Back in October last year David Lammy revealed how both Oxford and Cambridge, recipients of over £800 million of taxpayers’ money each year, enrol consistently around 80 per cent of their intake from the top two social classes, with more offers being made to pupils from Eton than to students on free school meals across the whole country.  Unsurprisingly, the number of ethnic minority students accepted is so low that Lammy concluded there has to be “systematic bias.”

And still the universities make excuses. A recent article in the Guardian by Professor Jonathan Wolff from Oxford University claimed that “playing safe” with undergraduate admissions — in other words giving preference to applicants from upper-middle-class homes — was encouraged by the government’s Teaching Excellence Framework.

This includes students’ dropout rates as a measurement of a university’s success, but the framework has been in existence for under two years and is the most feeble of reasons for explaining decades of the lack of diversity in our “top” universities.

It clearly does not explain why students with straight As from an economically poor area in the north of England stand far less chance of being accepted by one of the Russell Group universities than someone with similar grades from a state school.

According to Lammy’s research, Oxford, for example, makes more offers to applicants from five of the home counties than to the whole of the north of England.

How similar are those qualifying grades anyway? Do universities check whether the grades have been achieved through traditional A-levels, or whether students have taken the Pre-U examinations, popular in most public schools, where there is the possibility that the exam papers were either set or marked by their teachers.

A cheating scandal was exposed involving these examinations last summer, resulting in a pathetic “investigation” by the Commons education select committee.

If these examinations, which are not inspected and regulated by the Joint Council for Qualifications like all the other examinations taken by sixth-formers, and run, incidentally, by Cambridge Assessment International, part of Cambridge University, are not chosen because of the extra advantage they afford, what is the reason?

Where is the “risk,” anyway, in offering a place to a student from a school in an economically deprived area, who achieves grade Bs and Cs in traditional A-level examinations, and who clearly has the potential to attain an excellent degree?

He or she may lack confidence, unsurprisingly, and may not perform well in a nerve-racking interview, but could have real talent and potential to improve further.

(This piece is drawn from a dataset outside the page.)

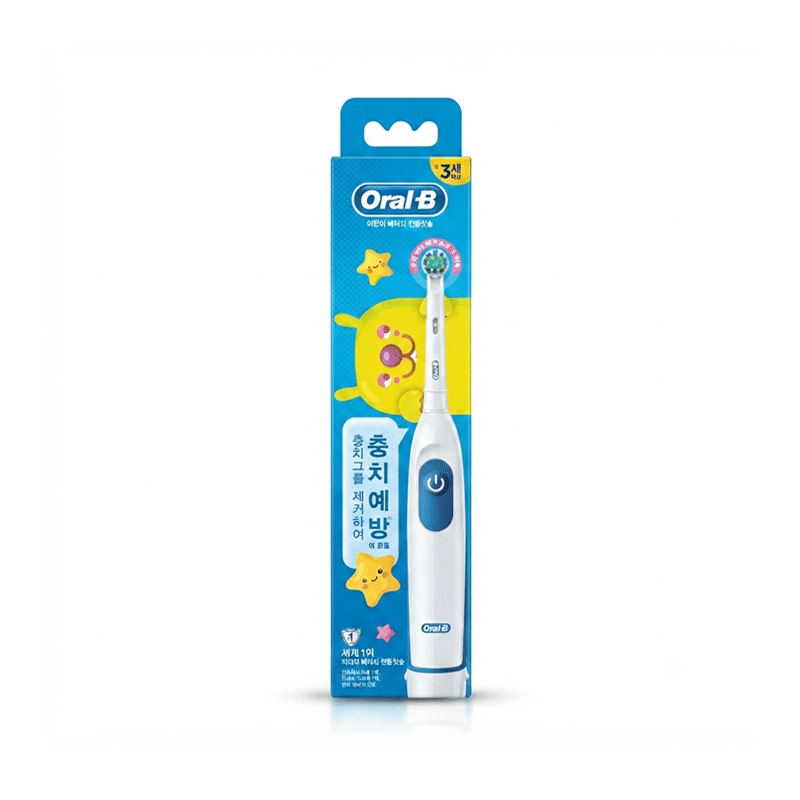 ORAL B ELECTRIC BRUSH KIDS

Research by Cardiff and Oxford Brookes universities proved students from state schools gain better degrees than privately educated candidates with the same A-level grades.

There is only one reason the so-called “elite” universities recruit so many undergraduates from private schools when nationally only 7 per cent of pupils attend them — academic snobbery.

A Labour government should consider legislation, both to force these universities to open their doors much wider and to insist all qualifications in Britain are gained through properly regulated examinations.